◆ **Task requirements**:
Give back an exact copy of the listing that follows, without the pictures.

+ + +

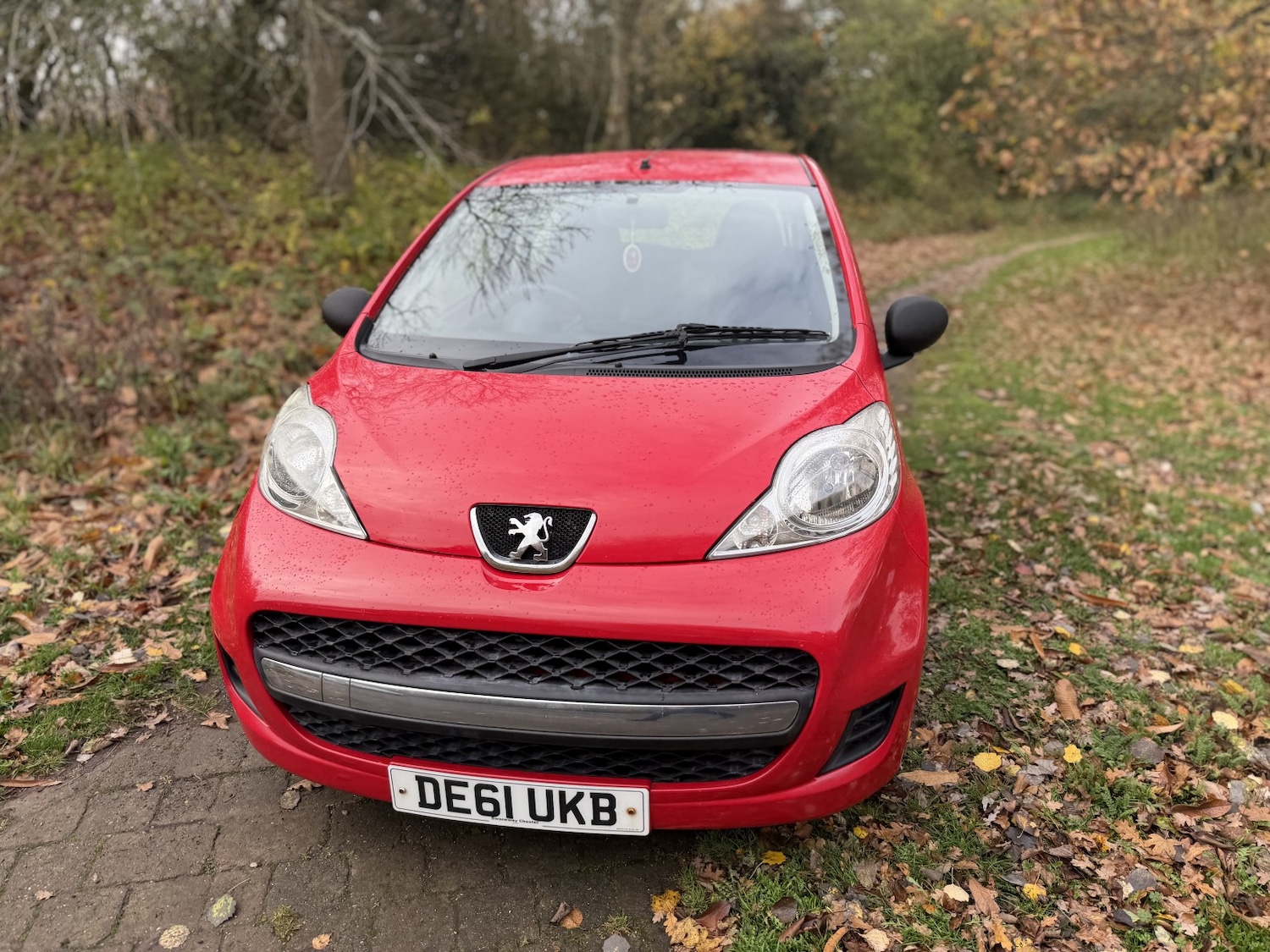 Used Peugeot 107 2011 for sale - 76643368: Photo 3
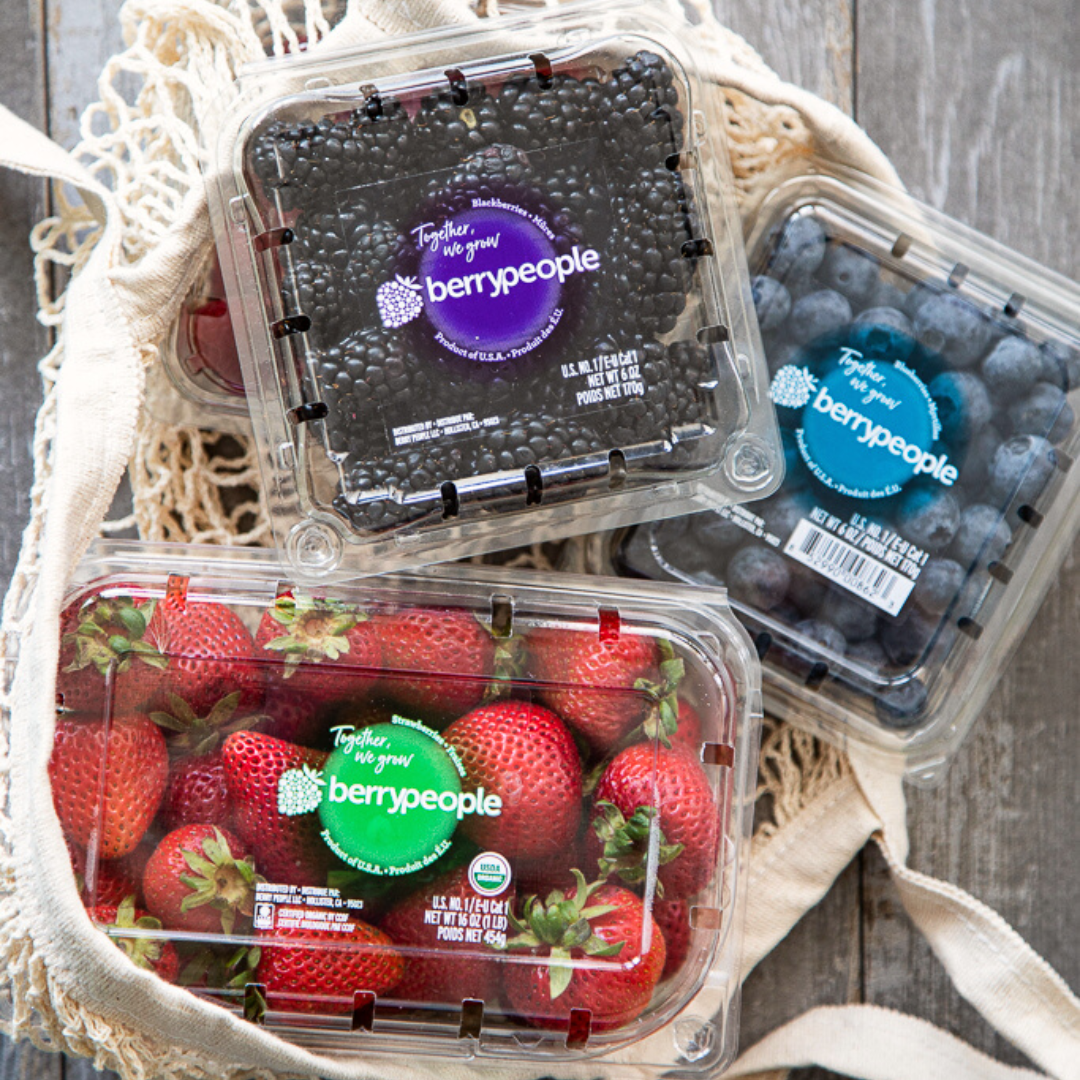 Berry People LLC accelerates growth by binding to AgriFORCE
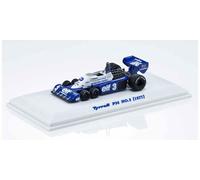 KYOSHO KS07038B3 1:64 DIE CAST COLLECTION TYRRELL P34 1977 NO.3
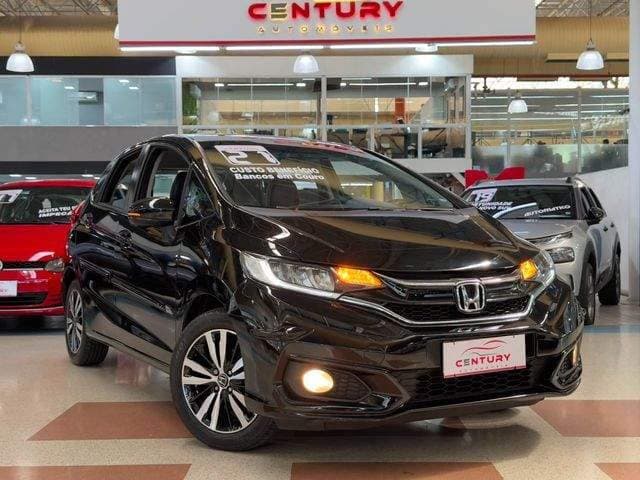 Honda Fit 1.5 EXL FLEXONE AUTOMATICO CVT
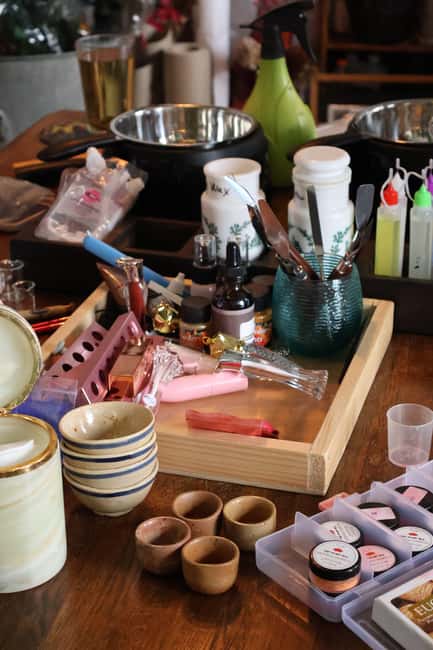 Customised lipstick workshop - Paris 1er - A 90-Minute DIY Beauty Class That Actually Feels Like Paris 1st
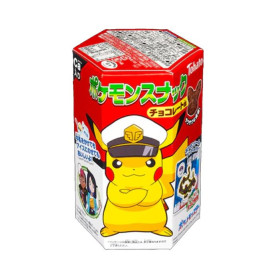 Slik Tohato Pokémon Chocolate Corn RM80407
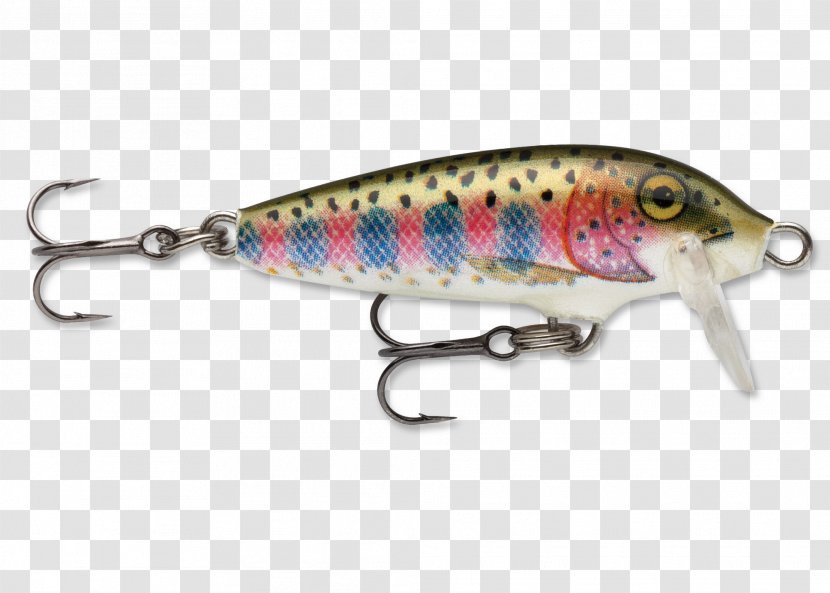 Rapala Fishing Baits & Lures Trolling Original Floater - Trout Transparent PNG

+ + +

◆ **Expected answer**:
 Used Peugeot 107 2011 for sale - 76643368: Photo 3
 Berry People LLC accelerates growth by binding to AgriFORCE
 KYOSHO KS07038B3 1:64 DIE CAST COLLECTION TYRRELL P34 1977 NO.3
 Honda Fit 1.5 EXL FLEXONE AUTOMATICO CVT
 Customised lipstick workshop - Paris 1er - A 90-Minute DIY Beauty Class That Actually Feels Like Paris 1st
 Slik Tohato Pokémon Chocolate Corn RM80407
 Rapala Fishing Baits & Lures Trolling Original Floater - Trout Transparent PNG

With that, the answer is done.